The only spikes looking very bad are from the power supply, the rest looks reasonably OK.
- Any piece of wire is also an inductor, a capacitor and a resistor. All three at the same time. Long wires, or thin wires, can create very nasty spikes with switched loads. How does the +24V waveform looks like when measured at the output of the power supply (before the wires to the soldering station)?
- In the schematic there is no capacitor between +24V and GND. There should be at least 2 of them. One of a few hundreds...thousands uF to act as a local energy "reservoir", and in parallel with the +24V electrolytic another 0.1 uF so the high frequency spikes can find a short path through the 0.1uF without going through the long wires up to the power supply. C1 and C2 you have now does not help if the 24V heater is connected before the D2, as the schematic suggests. Either move the C1 and C2 at the anode side, or simply remove the diode and pay attention to the correct polarity when connecting the circuit to its power supply.
- Maybe you can find a broken PC power supply and recover one of those ferrite tor coils to put it in series with the +24V, right near the solder station.
- The power circuit must have thick connection wires between the power supply, the MOSFET and the soldering iron socket. For example, the 3 multi stranded wires usually found inside 220V/16A power cords (the EU ones made with copper, not cheap Chinese fake 16A - even if they look like copper, if the metal they are made of is attracted by a magnet, that's not good).

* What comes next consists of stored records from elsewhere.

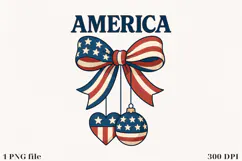 Patriotic Bow Sublimation Design | 4th of July PNG Product Image 1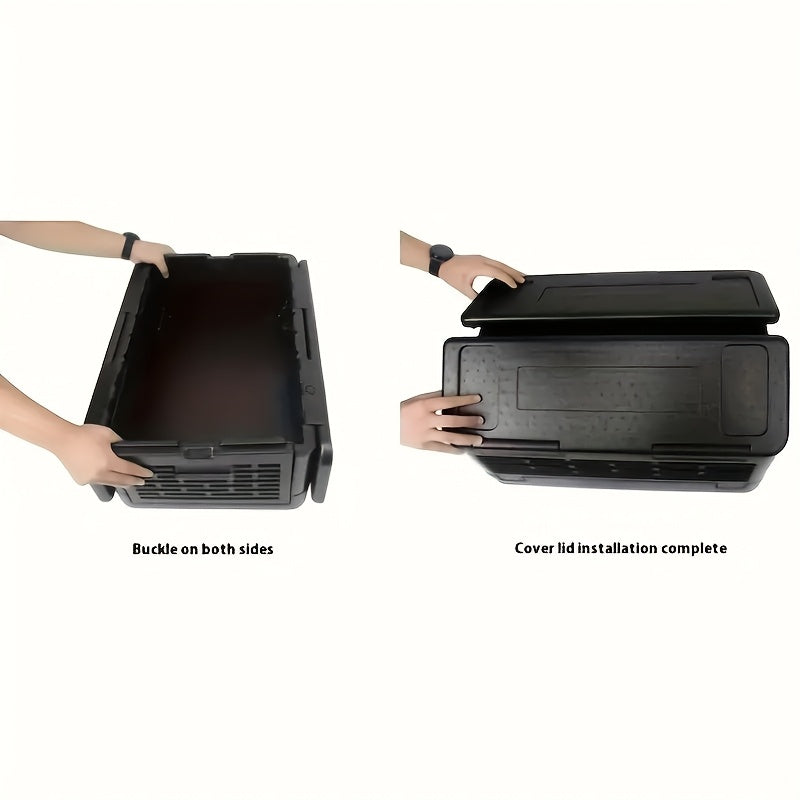 Portable Folding Insulated Cooler Box for Food Transportation – High Quality, Black, Car-Mounted Fresh-Keeping Container with Multiple Compartments for Outdoor Use, Sturdy Construction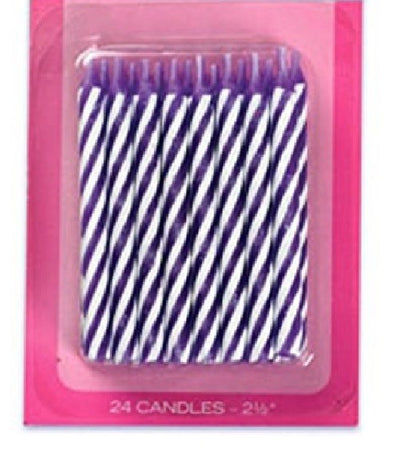 Purple Striped Birthday Candles - 24 Pack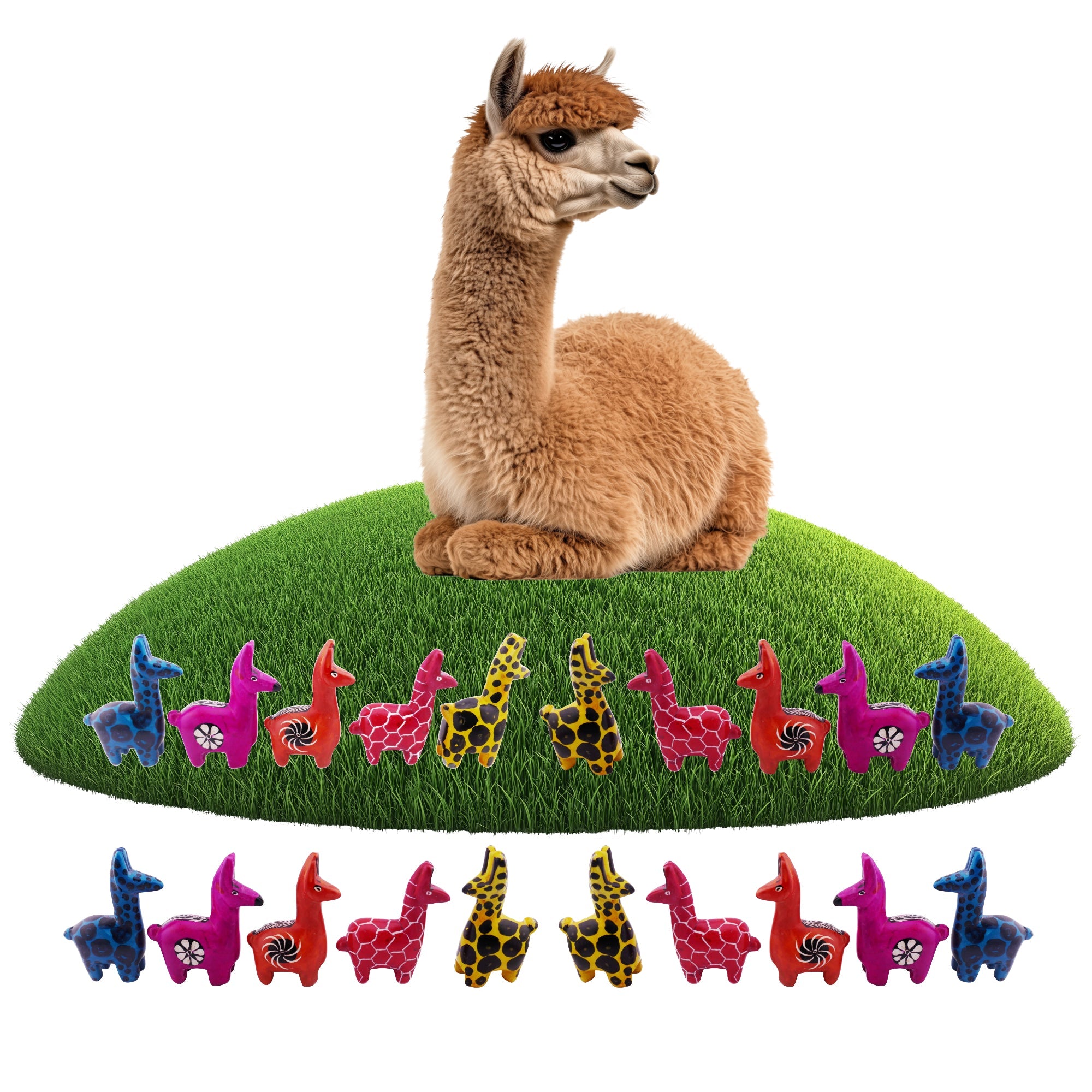 African Stone Alpaca // Llama Sculpture 7 x 5 cm // handcrafted in Africa +storycard - FriendlyTradingCo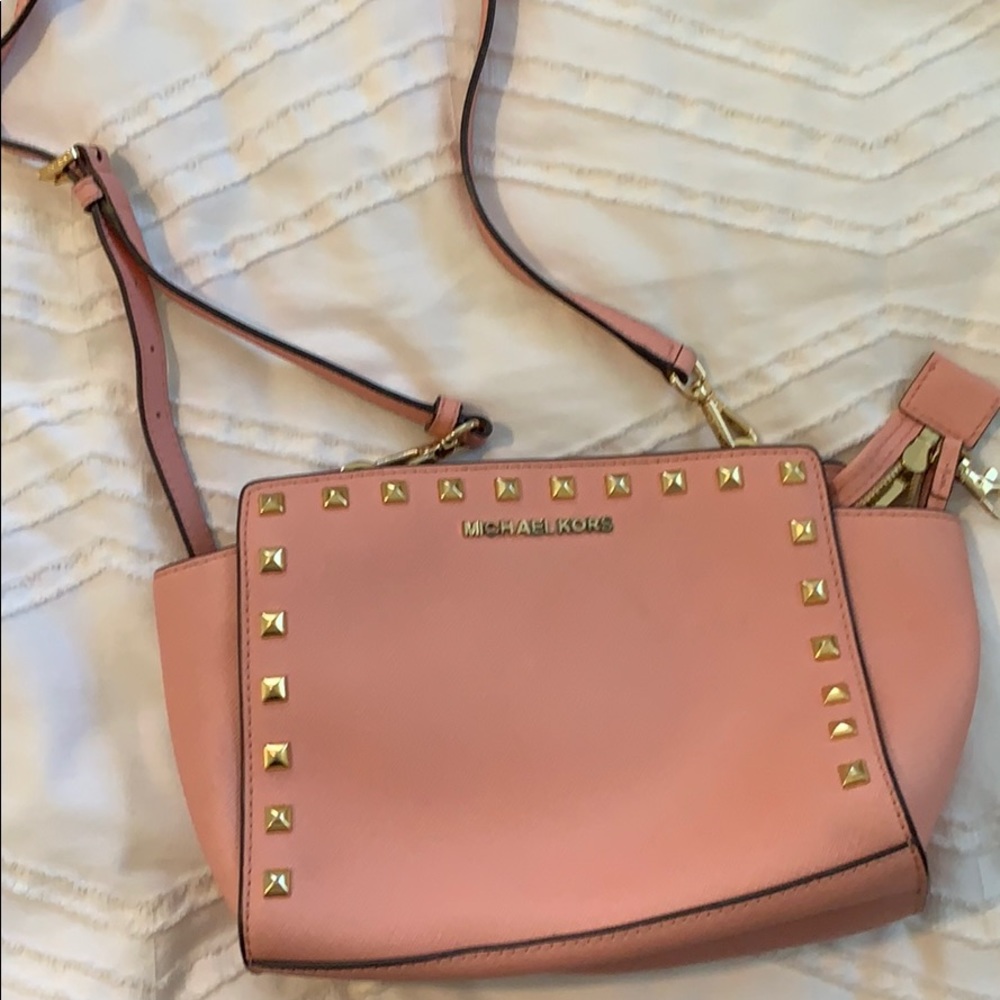 Pink studded Michael kors bag
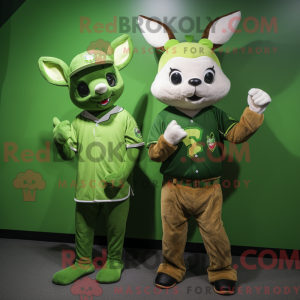 Lime Green Roe Deer mascot...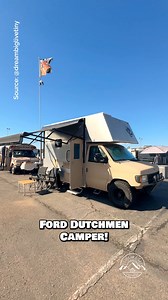 What do you think of this Ford Dutchmen (The Flying Dutchman) camper conversion? This is a DIY conversion & features a beautiful interior space, including a custom couch with storage underneath; a live edge table; a small kitchen with an induction cooktop, a mini-fridge, a microwave, a sink, & some storage space; a small bathroom with a shower & toilet; & a bed above the cab! Where would you travel in this camper? #campervan #camper #camperlife #overland #tinyhouse | Alan Toscano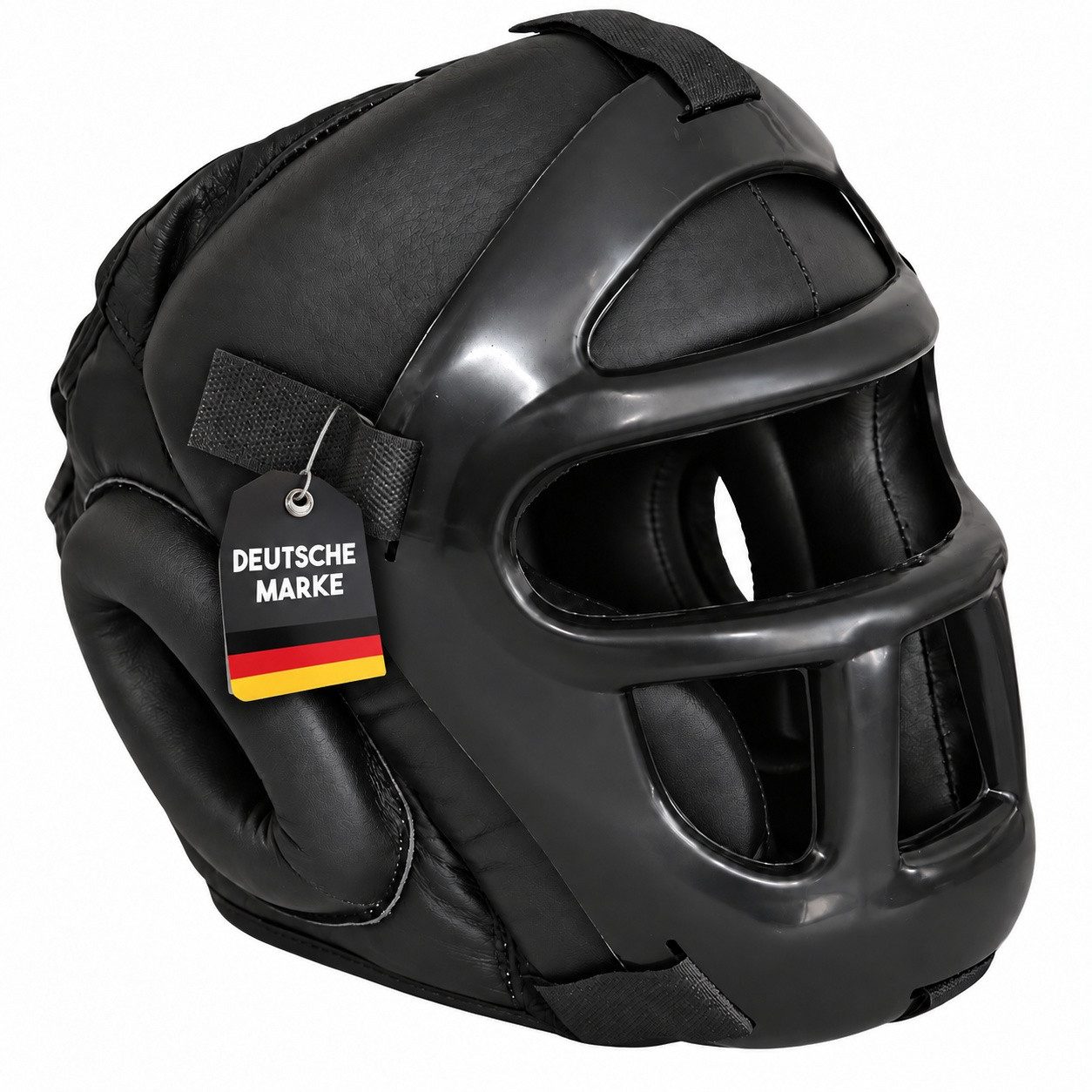 BAY-Sports Kopfschutz Profi mit Gitter Maske Visier Krav Maga Boxen Budo Training Kampfsport (Bruchsichere Kunststoff Maske), Rundum Schutz für Gesicht, Schädeldecke, Nacken, Hinterkopf, Ohren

- Just to be sure there are no strange ground loops between the PC, the power supply and the oscilloscope, during probing do not connect the Arduino to the PC USB cable, leave the Arduino powered by its own circuit.
- Another thing (we will let this to talk about after fixing the spikes), I suspect that the turn off edge of the MOSFET is not very sharp. The charge accumulated in the GS junction is left to discharge through the 4.7K to ground. If the MOSFET still heats too much, that's where the MOSFET driving circuit can be improved. This is visible in the DS 0429.jpg, where the strong spikes appears only when the MOSFET is turned on, but not when is turned off, suggesting the turn on edge is much faster than the turn off edge. To minimize the power dissipated in the MOSFET, and therefore its temperature, we want fast edges for both on and off switching.